投資信託

ジュニアNISAで注意したい払い出し制限と贈与枠

nisa2016年よりスタートする新制度「ジュニアNISA」。取引は2016年4月からですが、2016年1月から専用口座の口座開設も可能となっています。株式投資、投資信託投資などの売買益や配当収入などが非課税になるのは通常のNISAと同様ですが、大人向けのNISAとは違った注意点があります。それが「払い出し制限」と「贈与枠」の関係です。場合によっては、思わぬ落とし穴にはまってしまうこともありますのでご注意ください。

ちなみに、通常のNISAについては「NISA(ニーサ・小額投資非課税制度)に関するまとめ」をご覧ください。

 

払い出し制限で自由に引き出せない

最大の違いはこの「払い出し制限」です。
ジュニアNISAで投資したお金を現金として出金することができるのは、口座名義人(子供)が3月末時点で18歳になる年からです。

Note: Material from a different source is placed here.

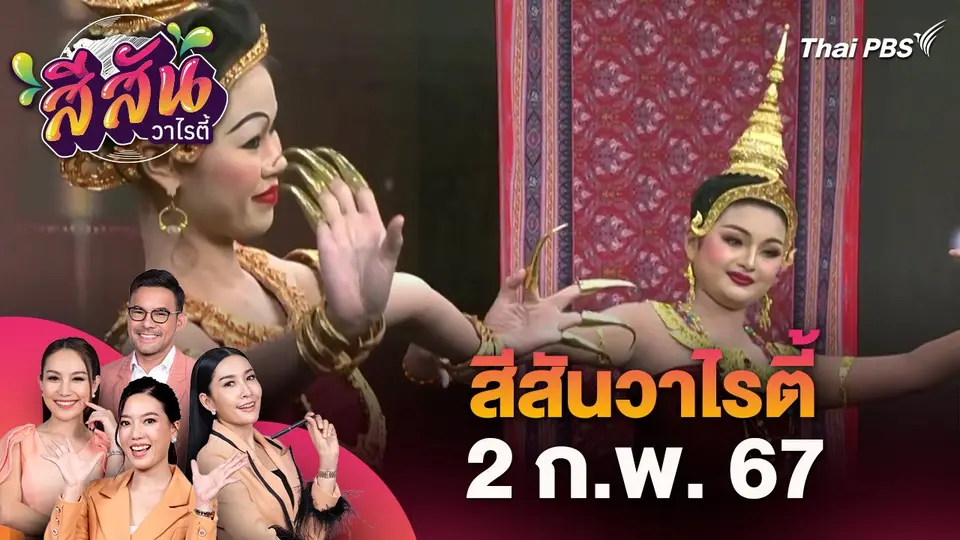 สีสันวาไรตี้ (2 ก.พ. 67)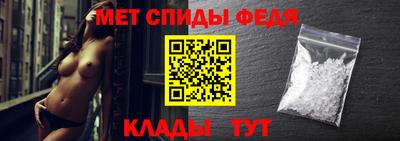 дмт Канаш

つまり、2015年12月に産まれた子供が2016年からジュニアNISAを始めた場合、2034年になるまでは「払い出し制限」がかかって出金することができません。

ジュニアNISAも非課税期間は5年間ですが、満了した場合でも途中で売却した場合でも払い出し制限が解除される年までは専用口座で管理され固定されてしまうことになります。
合計400万円(年80万円×5年分)までは総額で運用可能ですが、それを超えてしまった金額については運用されずに固定化されてしまいます。

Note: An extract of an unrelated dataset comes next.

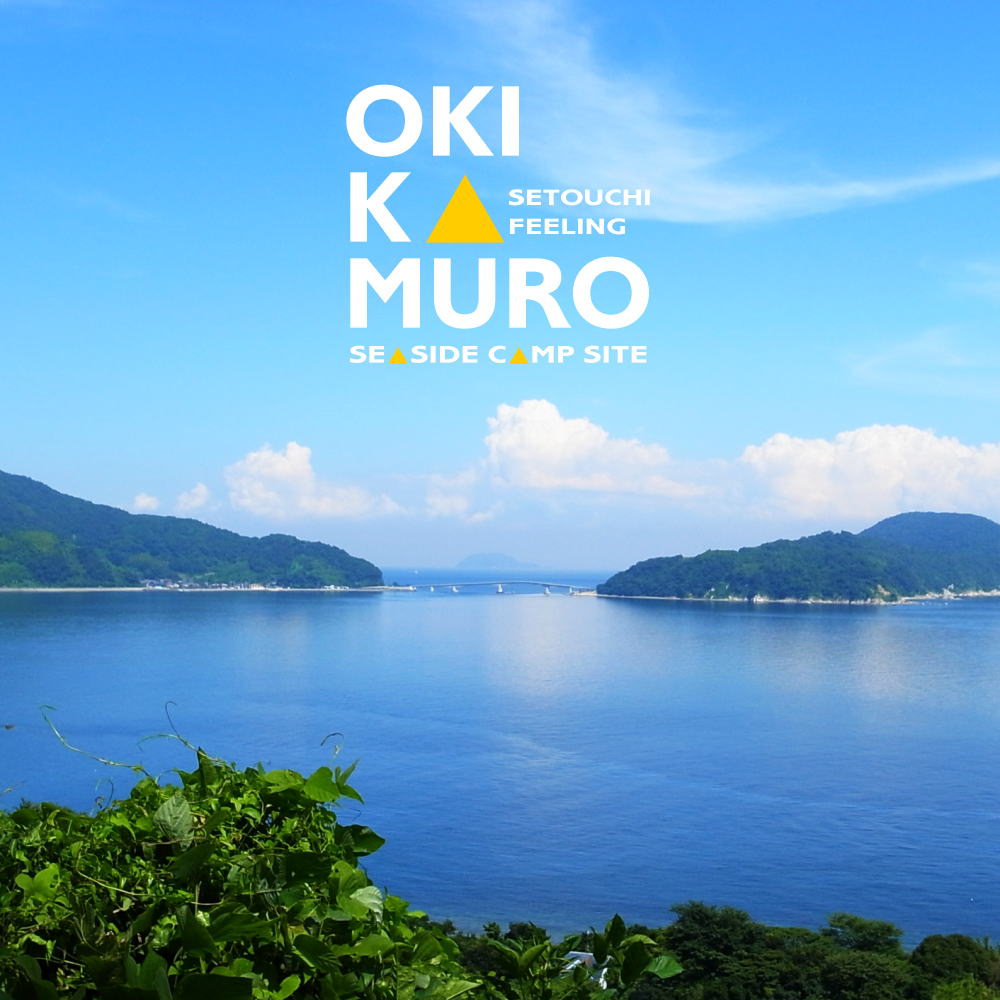 周防大島キャンプ場2026！絶景海沿いから無料穴場・コテージまで徹底比較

ちなみに、NISA(ジュニアNISA)は2027年に終了する予定ですが、終了した場合でも払い出し制限の解除となる年までは出金できません。

これはお金の自由度という意味でかなりマイナスといえるでしょう。

 

親のNISA口座を枠が余っているならそちらを使う

制度の内容を見ると、ジュニアNISAは払い出し(払い戻し)制限があるなど大人用のNISAと比べると使い勝手が悪いです。

子供がすでに10歳以上というような状況であればよいかもしれませんが、まだまだ産まれたばかりといったような状況では資金を長期間固定化させてしまうというリスクがあります。

通常のNISAの枠が家族で余っている(父母のNISA口座の枠が残っている、あるいは使っていない)というのであれば、大人用のNISAを使って子供の教育資金を貯めておくといった利用の方が使い勝手が良いかと思います。

 

父母・祖父母からの贈与が前提だが税金に注意

ジュニアNISAの投資資金は基本的に父母や祖父母からの子供(孫)への贈与と考えられています。
年間の贈与税は110万円までは非課税ですが、相続税対策で別途、暦年贈与を行っている場合は合算されてしまいますので注意してください。

暦年贈与を行っているという方で、別途教育資金を非課税で贈与したいというのであれば、祖父母からの「教育資金贈与信託」などの非課税制度もあります。(参考:教育資金の贈与が非課税となる教育資金贈与信託

 

 

ジュニアNISAだけで教育資金を用意するのは危険

最後にジュニアNISAは、原則的には「子供の教育資金を準備する」という名目の制度です。

現預金のようなほとんど利回りが期待できない状況では、投資によって資産を運用しながら教育資金を準備することは確かに重要です。

その一方で投資にはリスクがありますので、運用状況によっては元本を失ってしまうような可能性もあります。運用の失敗で教育資金が用意できないというような状況になるのは最悪です。

リスク運用をする資金と安全に貯めていく資金ということで分けて考えるようにしましょう。仮に400万円を教育資金として準備する予定として全額をジュニアNISAに突っ込むというという方法ではなく、ジュニアNISA200万円で残りは定期預金などの安全資産で運用するといった方法をとりましょう。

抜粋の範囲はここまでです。